## Activity
Take the records below and print them verbatim up to and including the line that carries "Men's Stylish Cotton".
------ Input ------
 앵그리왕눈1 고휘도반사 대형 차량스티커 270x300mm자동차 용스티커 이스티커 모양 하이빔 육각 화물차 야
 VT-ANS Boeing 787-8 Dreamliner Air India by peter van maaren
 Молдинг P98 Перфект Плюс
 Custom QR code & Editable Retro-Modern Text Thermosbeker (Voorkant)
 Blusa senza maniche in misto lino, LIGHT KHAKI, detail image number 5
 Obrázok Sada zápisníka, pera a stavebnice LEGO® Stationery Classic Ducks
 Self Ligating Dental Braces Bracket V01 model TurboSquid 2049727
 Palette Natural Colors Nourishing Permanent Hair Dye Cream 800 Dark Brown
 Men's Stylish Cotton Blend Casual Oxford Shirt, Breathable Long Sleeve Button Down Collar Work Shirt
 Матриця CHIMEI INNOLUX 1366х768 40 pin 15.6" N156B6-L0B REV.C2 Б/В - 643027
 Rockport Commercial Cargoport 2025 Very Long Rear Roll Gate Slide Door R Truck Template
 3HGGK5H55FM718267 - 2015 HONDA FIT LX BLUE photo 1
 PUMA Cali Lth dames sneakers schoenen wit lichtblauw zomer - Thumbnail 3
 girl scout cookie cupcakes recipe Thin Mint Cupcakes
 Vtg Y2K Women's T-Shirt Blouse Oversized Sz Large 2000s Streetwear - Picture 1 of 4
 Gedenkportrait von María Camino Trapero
------
## Task response
 앵그리왕눈1 고휘도반사 대형 차량스티커 270x300mm자동차 용스티커 이스티커 모양 하이빔 육각 화물차 야
 VT-ANS Boeing 787-8 Dreamliner Air India by peter van maaren
 Молдинг P98 Перфект Плюс
 Custom QR code & Editable Retro-Modern Text Thermosbeker (Voorkant)
 Blusa senza maniche in misto lino, LIGHT KHAKI, detail image number 5
 Obrázok Sada zápisníka, pera a stavebnice LEGO® Stationery Classic Ducks
 Self Ligating Dental Braces Bracket V01 model TurboSquid 2049727
 Palette Natural Colors Nourishing Permanent Hair Dye Cream 800 Dark Brown
 Men's Stylish Cotton Blend Casual Oxford Shirt, Breathable Long Sleeve Button Down Collar Work Shirt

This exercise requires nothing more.